Voyons d’abord le texte en question : « Ecoute Israël , l’ Eternel est
Notre Dieu , l’ Eternel est entièrement un , c’est pourquoi il est nommé
l’ UN (Ehad) .Il existe trois noms [ si on lit « l’ Eternel , notre Dieu , l’
Eternel , est un » au lieu de « l’ Eternel est notre Dieu , l’ Eternel est un
»] , comment donc peuvent ils être un ? Et même si nous l’appelons un,
comment sont ils un ? Mais c’est à travers la vision de l’Esprit de
sainteté que cela est su, et dans la vision de l’œil fermé que l’on sait que
les trois sont un. Et c’est la fondation de la voix qui se fait
entendre. La voix est une, mais il existe trois couleurs, le feu, l’air et
l’eau, et tout est un dans le fondement de la voix (et ils ne sont qu’un).
Ainsi, l’Eternel, notre Dieu, et l’Eternel sont un, trois couleurs, et elles
sont unes. Et c’est la voix de l’homme qui sert l’unicité absolue, et qui
accomplit sa volonté depuis l’infini jusqu’ à la fin de tout ; dans cette voix
de celui qui sert, les trois son un Et c’est l’unicité [proclamée] chaque
jour, qui est révélé dans le fondement de l’Esprit de sainteté » שמע ישראל יהוה אלהינו
יהוה, הא כלהו חד, ועל דא אקרי אחד. הא תלת שמהן אינון, היך אינון חד, ואף
על גב דקרינן אחד, היך אינון חד, אלא בחזיונא דרוח קדשא
אתיידע, ואינון בחיזו דעינא סתימא, למנדע דתלתא אלין אחד. ודא איהו רזא דקול דאשתמע, קול איהו חד, ואיהו תלתא גוונין אשא ורוחא ומיא, וכלהו חד
ברזא דקול (ולאו אינון אלא חד), אוף
הכא יהוה אלהינו יהוה אינון חד, תלתא גוונין ואינון חד,
ודא איהו קול דעביד
בר נש ביחודא ולשוואה רעותיה ביחודא דכלא מאין סוף עד
סופא דכלא, בהאי קול דקא עביד בהני תלתא דאינון חד ודא איהו יחודא דכל יומא
דאתגלי ברזא דרוח קודשא
L’on notera premièrement que contrairement à ce
que certains prétendent, ce texte n’enseigne pas qu’il s’agit ici de la seule
interprétation possible du Deutéronome 6,4 ou que l’enseignement rabbinique
traditionnel sur la nature de Dieu est faux.
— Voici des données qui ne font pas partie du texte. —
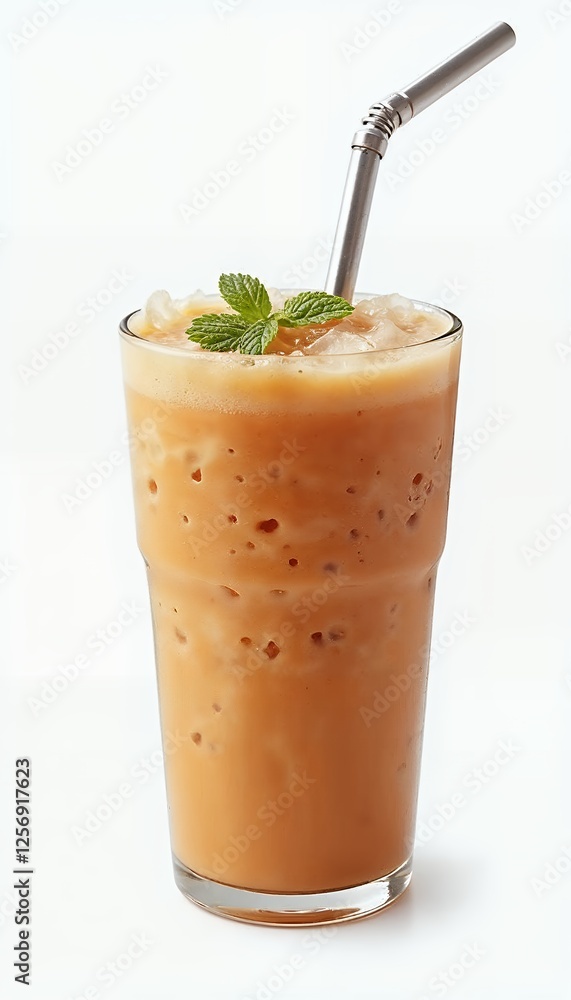 Tall drink in front of a white background with a glass full of frozen smoothie styled with a metal straw and garnishes Tall drink in front of a white background with a glass full of frozen smoothie styled with a metal straw and garnishes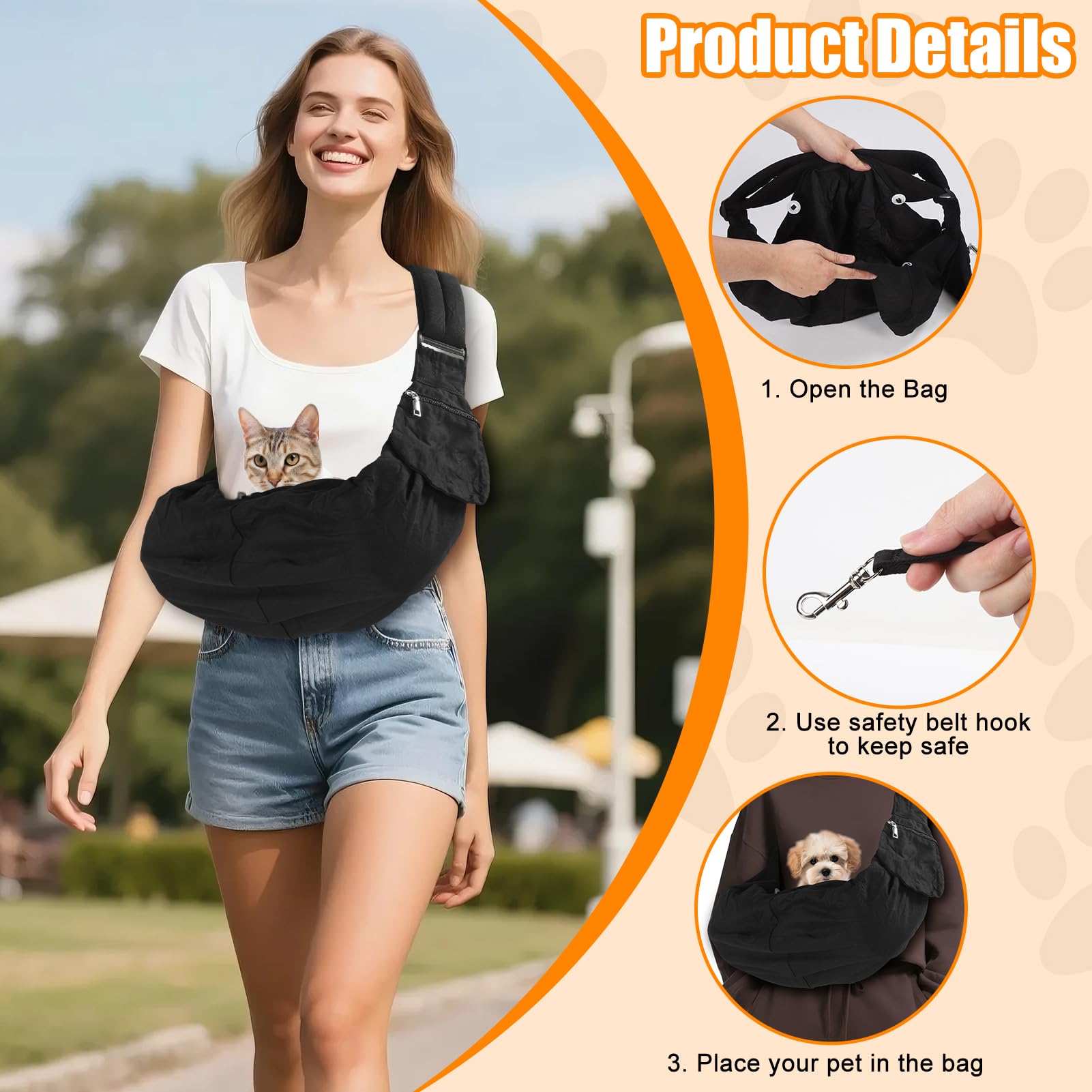 Pet Cats Swaddle Carrier Sling, Large Capacity Dogs Cuddler Harness with Adjustable Strap, Portable Puppy Wrap Bassinet Shoulder Bag Backpack for Travel Carry Outdoor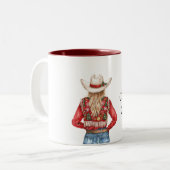 Red Green Christmas Cowgirl Blond Tweekleurige Koffiemok (Voorkant links)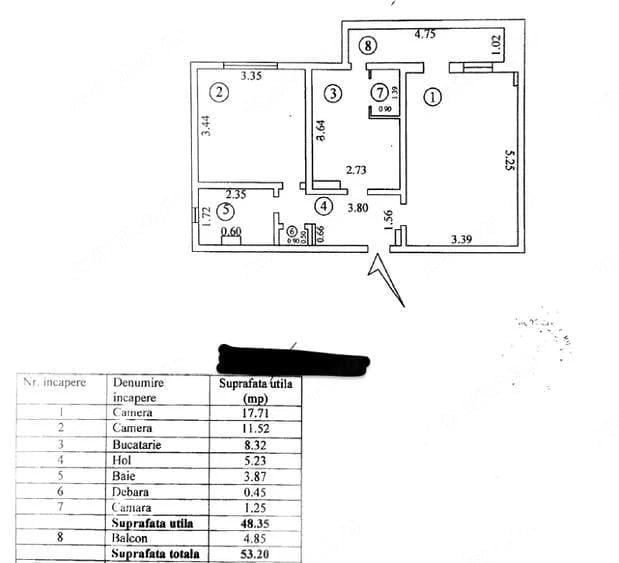 Apartament cu 2 camere decomandat în Mazepa 2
Pour le comprendre, il convient de
rappeler qu’il existe selon la tradition rabbinique quatre niveaux
d’intérprétation du texte biblique : le Péshat ou sens littéral, le Remez ou
allusion, de Dérasch ou interprétation figurée et le Sod ou lecture ésotérique.
D’ autre part, l’un des principes fondamentaux de l’éxégèse rabbinique
est qu’ « aucunne lecture ne peut s’écarter du sens litéral » אין מקרא יוצא מדי פשוטו (Talmud
Shabbat 63a), c'est à dire que pour être recevable, aucunne
interprétation, qu’elle soit Dérasch, Remez ou Sod, ne peut contredire le
sens littéral ou Péshat. Pour illustrerce principe, prenons l’exemple de Genèse
1,1. Nous lisons dans le texte hébreu : בראשית, ברא אלוהים, את השמיים, ואת הארץ -
béréshit bara Elohim et hashamayim véet haarets -. Selon la lecture de niveau
Péshat, ceci veut dire qu’ « au commencement, Dieu créa le ciel et la terre ».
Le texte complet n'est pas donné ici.